The water is about knee-deep in most places. Brown and murky, I’m not able to see the terrain of the riverbed. But I know that it is absolutely littered with debris. Rocks. Downed trees. Holes and pits.
I know this because I’ve been stumbling along – slamming my feet and legs into things, if I’m lucky the edges are not too sharp or jagged.
Or stepping halfway onto a rounded rock, slippery with the muck and growth. My foot seems to accelerate off the rock as it slips down the surface, pulling me forward into the next obstacle.
I’m not allowed to slow down – it’s just simply not allowed!
Try as I might to slow down, the current of life is pushing and pulling me along. I can not be hesitant or careful with my steps. I march forward fully expecting the ground to be solid and stable beneath my feet. Unable to slow down and tentatively feel out the terrain below my next step.
I muster up my confidence and continue to move on. Sure that I’ll find my rhythm and routine any step now.
Walking full speed in knee deep, obstacle ridden, brown murky waters. That is what it has been like for me experimenting with Novolog.
I usually pump Humalog insulin. I have for as long as I can remember (does anyone remember when it was first made available?). I had an opportunity to get my hands on a bottle of Novolog, and wanted to try it. For no good reason really. The Humalog was/is working fine (for the most part). It seems a little slow for me at times, but not enough to make me want to get rid of it.
From what I can tell, the Humalog vs. Novolog use is just as individual as we are.
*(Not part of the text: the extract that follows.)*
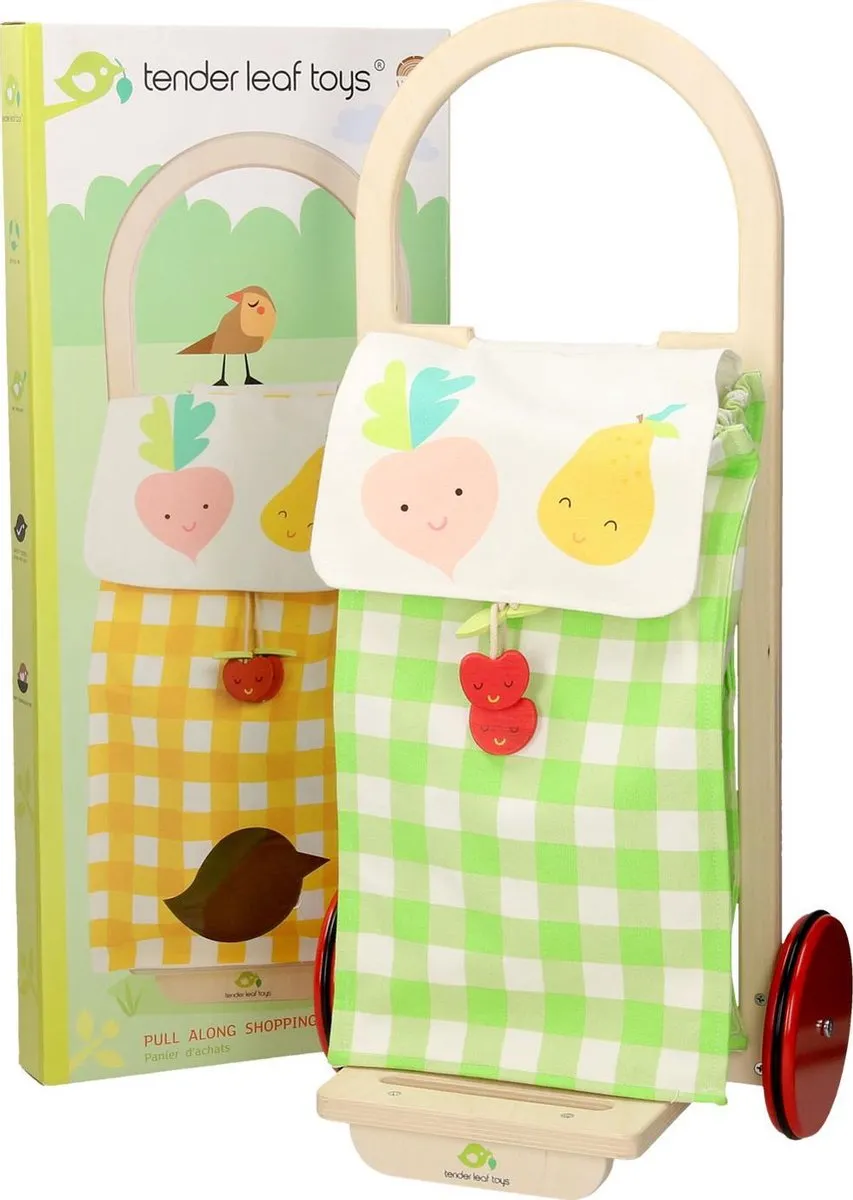 Tender Toys Boodschappentrolley Junior 29x24x63cm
For some people one works better than the other, and for other people they can’t tell any difference. Some folks have had to switch because of insurance arrangements. Others prefer one over the other.
For me, the out of pocket cost is the same. I have noticed that for meal boluses, the Novolog seems to kick in faster, which I kind of like. Same for correction boluses. I rocket down like some kind of bungee jump ride that doesn’t bounce back up. They don’t seem to stop when I’ve reached my target – they keep going and dragging my BG down with them! Resulting in lows, which I’m prone to over treat. I haven’t had the time to really dig in and test with it though.
For the most part it has made me unsure of my ratios and calculations. These same ratios and calculations that I have been using for years. It has made me less confident of my moves when I’m bolusing for a meal or for a correction. A little gun shy maybe.
But then I pay for it when I reduce the recommended doses.
I am 100% sure that, given enough time, I could figure it out (we are good at figuring things out). But, without a good reason to change right now, I will probably just add this knowledge to my toolbox and put it away for a while.
Granted, it may not be the best time to make a decision. Somewhat shaky about things and anxious to get back to my clear and shallow swimming pool – clear water and a flat and stable concrete bottom.
I’m also in a position where I don’t need to make a decision. If I choose to re-evaluate again in the future, I’ll have a better idea what I’m getting into and can maybe better set my expectations. I am deciding not to decide right now.
It sure has been an interesting few days!